民法第三百九十八条の四 (根抵当権の被担保債権の範囲及び債務者の変更)

第三百九十八条の四 元本の確定前においては、根抵当権の担保すべき債権の範囲の変更をすることができる。債務者の変更についても、同様とする。

この条文のポイントは、元本確定前であれば、根抵当権の設定者と根抵当権者の合意によって、比較的柔軟に担保内容を変更できるということです。

具体的に見ていきましょう。


第一項について

  • 担保すべき債権の範囲の変更: 元本が確定する前であれば、例えば、当初はAとの間の取引から生じる債権のみを担保としていた根抵当権について、新たにBとの間の取引から生じる債権も担保の範囲に含める、といった変更が可能です。逆に、一部の取引を担保範囲から除外することもできます。
  • 債務者の変更: これも元本確定前であれば、根抵当権の債務者を変更することができます。例えば、当初の債務者Cに代わって、新たにDを債務者とする変更が可能です。
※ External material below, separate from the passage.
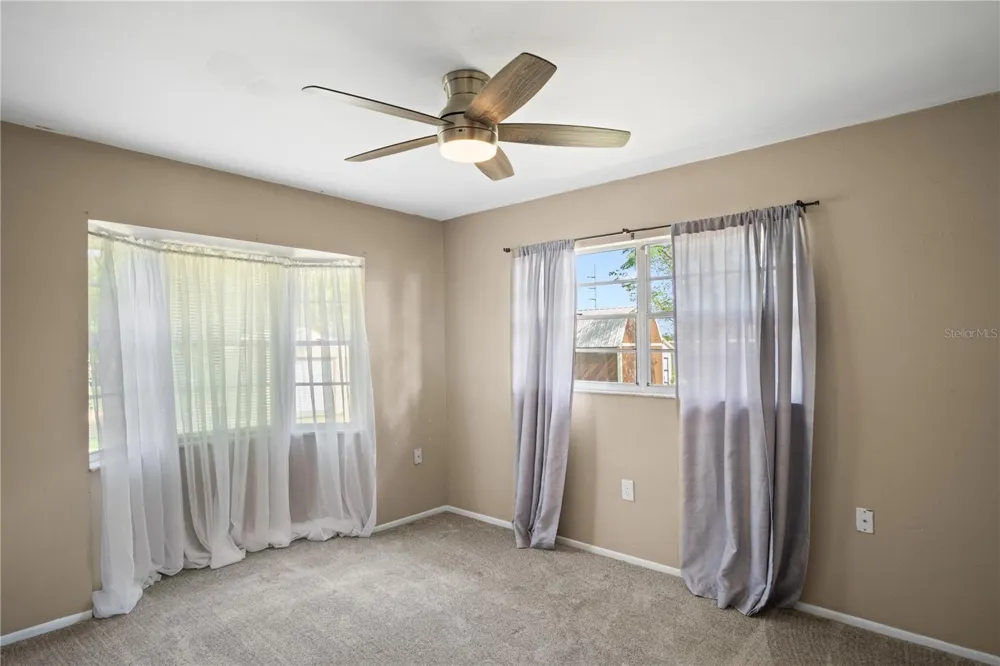 805 CENTER STREET Dundee, FL 33838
これは、事業承継や債務引受などの場合に利用されることがあります。


第二項について

  • 後順位の抵当権者等の承諾は不要: 第一項のような担保範囲や債務者の変更を行う際に、後順位の抵当権者やその他の第三者の承諾を得る必要はありません。これは、元本確定前であれば、根抵当権の担保する具体的な債権額がまだ定まっておらず、後順位の権利者に与える影響が確定していないと考えられるためです。


第三項について

  • 登記の必要性: 第一項の変更(担保範囲または債務者の変更)は、元本確定前に登記しなければ、その変更はなかったものとみなされます。つまり、当事者間の合意だけでは第三者に対抗することができず、登記を備えることによって初めてその変更の効力が第三者に主張できるようになります。

この条文は、根抵当権の柔軟性を確保しつつ、取引の安全を図るための規定と言えるでしょう。
元本確定前であれば、担保関係を状況に応じて変更できる一方で、その変更を第三者に主張するためには登記が必要であるという点を押さえておくことが重要です。